Monday, Mar. 25, 1935
Along Tobacco Road
Big, roundheaded Author Erskine Caldwell (Tobacco Road, God's Little Acre) lived in Georgia until about ten years ago when he moved to Maine. Either State would gladly cede him to the other. He outraged his New England neighbors by announcing that "the [Maine] population is dying out from the top as well as from the bottom." His annual visits to his homeland affect civic-proud Georgians as the coming of the bollweevil. Regularly he infuriates them by writing of terrorized Negroes, of poverty, ignorance, depravity, degeneracy among the poor whites. Latest indignity was his series of articles for the loudly liberal New York Post on the misery of starving sharecroppers near Augusta. In savage detail he described family after family--hungry, diseased, decayed, hopeless (TIME, March 4).
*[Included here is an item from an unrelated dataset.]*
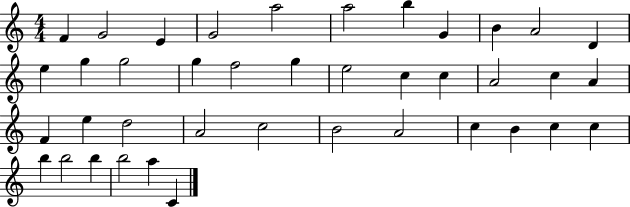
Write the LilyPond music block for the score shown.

Quivering with rage the Southern Press shouted "Libel!" But the 150-year-old Augusta Chronicle ("The South's Oldest Newspaper") restrained itself. Withholding epithets and stock denials, the Chronicle's Editor Thomas J. Hamilton promised to investigate the Caldwell charges, to report accurately, fearlessly. With the author's father, Rev. Ira Sylvester Caldwell of nearby Wrens, Ga. as guide, two Chronicle newshawks scoured the bleak "sand hill" section between Wrens and Keysville--setting for Tobacco Road. True to promise, the Chronicle front-paged their findings in five straightforward reports which, in any Northern publication, might well have drawn the hot fire of Southern boosters. Dutifully the investigators described the worst cases they found:
P: A family of 16 occupy a ramshackle two-room house, operating a farm as tenants. Rent: 800 lb. of cotton a year. Last year's crop was four bales. After paying two bales for rent and two for fertilizer and funds advanced, the year's profit was 62-c-.
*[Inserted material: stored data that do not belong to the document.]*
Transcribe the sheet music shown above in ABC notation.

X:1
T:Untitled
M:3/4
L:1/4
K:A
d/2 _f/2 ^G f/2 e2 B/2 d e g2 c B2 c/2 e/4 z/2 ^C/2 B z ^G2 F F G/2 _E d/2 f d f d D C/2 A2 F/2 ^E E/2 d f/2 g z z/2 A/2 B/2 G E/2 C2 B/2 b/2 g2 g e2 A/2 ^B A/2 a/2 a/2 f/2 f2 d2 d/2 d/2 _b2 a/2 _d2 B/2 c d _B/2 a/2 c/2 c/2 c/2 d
P: Mother, son, imbecile daughter and her two children live in squalor in a one-room house on 40-c- a day when the son can find work. The daughter, again pregnant, freely admitted various parentage of her chifdren, the father of one being the girl's cousin.
P: Father is unable to work because of heart trouble. Mother, 60, so weak from malnutrition that sometimes she can hardly walk, plods ten miles to Wrens to beg a little food. Son, 21, also suffering from undernourishment, has had twelve days relief work since Christmas at $1.20 a day. This family shares its two rag-covered, rickety beds with a young woman who had nowhere else to turn. When the reporters called, not a scrap of food was in the house. All they ever have is cornbread; the meal barrel was empty.
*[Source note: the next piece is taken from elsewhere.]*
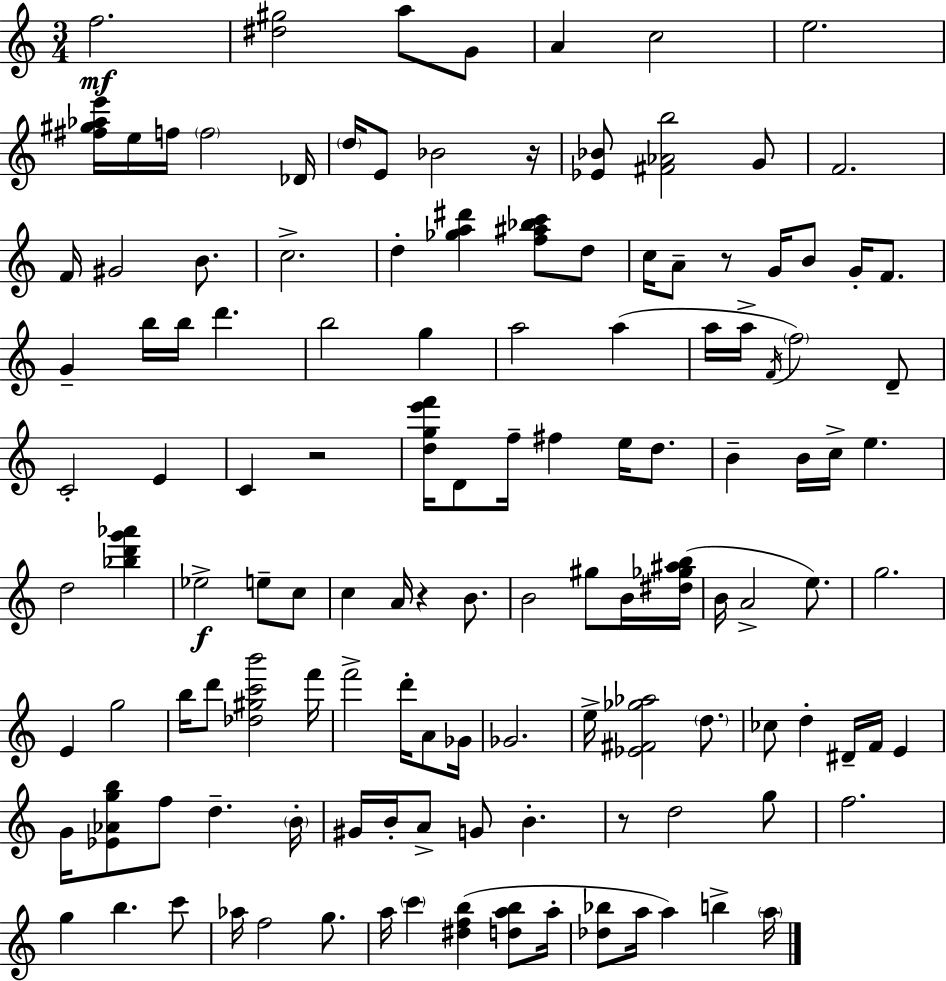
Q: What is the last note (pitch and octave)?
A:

The Chronicle found about a dozen such families, some afflicted with venereal disease. Father Caldwell said there might be 35 such families in Jefferson County-- about 1% of the population. Said the Chronicle: "We have been told, and we believe, that investigation in any area would produce a similar proportion of human derelicts--dregs of civilization."
More shocking was the Chronicle's further belief that "the families visited are descendants of parents who lived in the same manner, are products of a combination of poverty, utter ignorance and interbreeding of families, through generations. . . . It was found that many people in Jefferson County know the families, and have known of their condition for years. . . .
"Relief agencies contribute to these people . . . where blanket rules permit. . . . Ignorance and stubborn reserve frequently cause the most needy families to refuse medical aid or food to satisfy their want. Cases have been reported in which blankets and like articles, sorely needed by the sufferers, have been sold as soon as they were received from relief agencies."
The Chronicle's conclusions: The condition of Jefferson County's lowly 1% is beyond the help of relief agencies. Long-range rehabilitation, geared to individual cases, is the only remedy. "They need education not only in the accepted manner but on moral codes of civilization of which they are not a part." Treatment indicated: Sterilization, provided by a bill passed by the Georgia House and pending before the Senate.